Nonetheless, here are all 10 of them ranked.


Sometimes companies just don't know when to quit. Starbucks announced a controversial, confusing, and arguably dumb initiative this week "to engage both employees and customers in discussions about race." CEO Howard Schultz urged employees nationwide to handwrite the phrase "Race Together" on cups to help spark this conversation. Early reports show that so far, it's pretty much been a complete and utter failure.

However, Starbucks also promised that the USA Today would publish a supplement featuring race relations "conversation starters." Well that day is upon us: The eight page supplement is very much here and it includes 10 "conversation starters" that read as an uncomfortable Mad Libs exercise. Somehow, asking people to quantify how many times they've interacted with other races doesn't seem like a productive way to spark conversation on a very touchy subject.

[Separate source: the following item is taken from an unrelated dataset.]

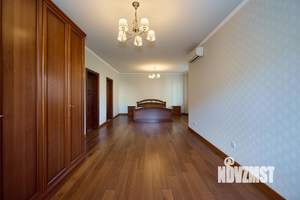 3-к квартира, вторичка, 101м2, 3/16 этаж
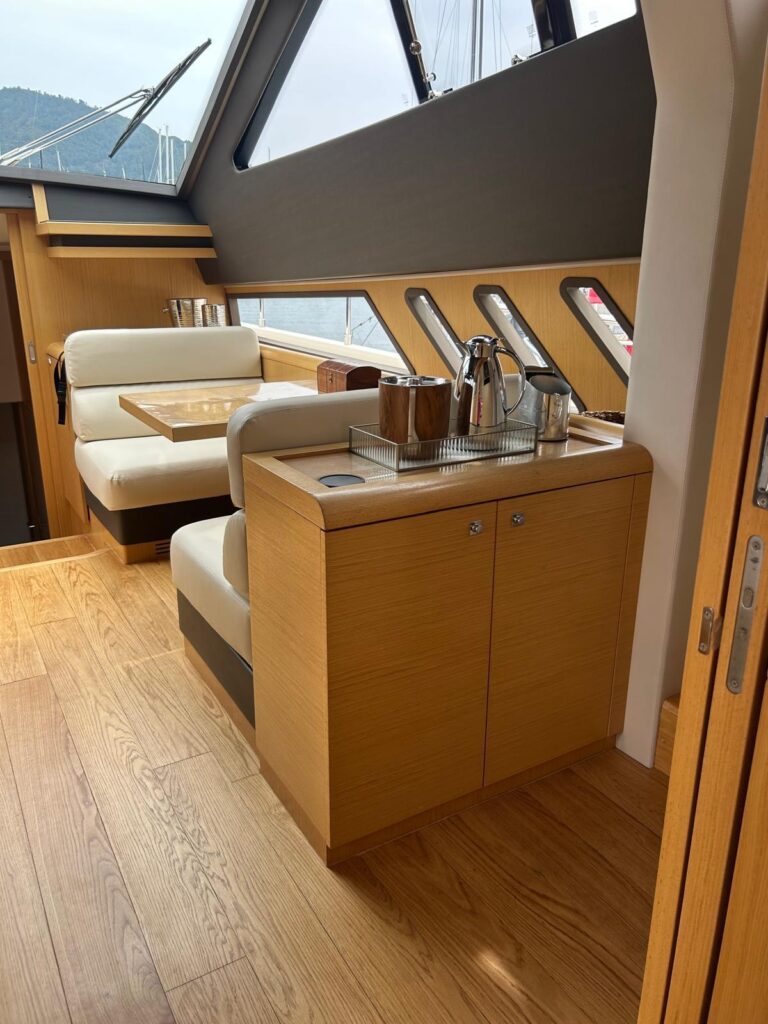 Ferretti Yachts 800 for sale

To make matters worse, an internal memo reveals that Starbucks locations will be required to display these conversation starters by the register. Below, Starbucks' race conversation starters, ranked — from most awful to least — by a very scientific awkwardness/how-long-they-will-hold-up-the-line factor:

1) In my Facebook stream, ___% are of a different race.
1) In the past year, I have been to the home of someone of a different race ___ times.
1) In the past year, someone of a different race has been in my home ___ times.
1) ___ members of a different race live on my block or apartment building.
1) In the past year, I have eaten a meal with someone of a different race ___ times.
1) I most often talk to someone of another race:
___ At work
___ Church
___ Home
___ Shopping
___ School
1) At work, we have managers of ___ different races.
1) My children have ___ friends of a different race.
1) My parents had ___ friends of a different race.
1) I have ___ friends of a different race.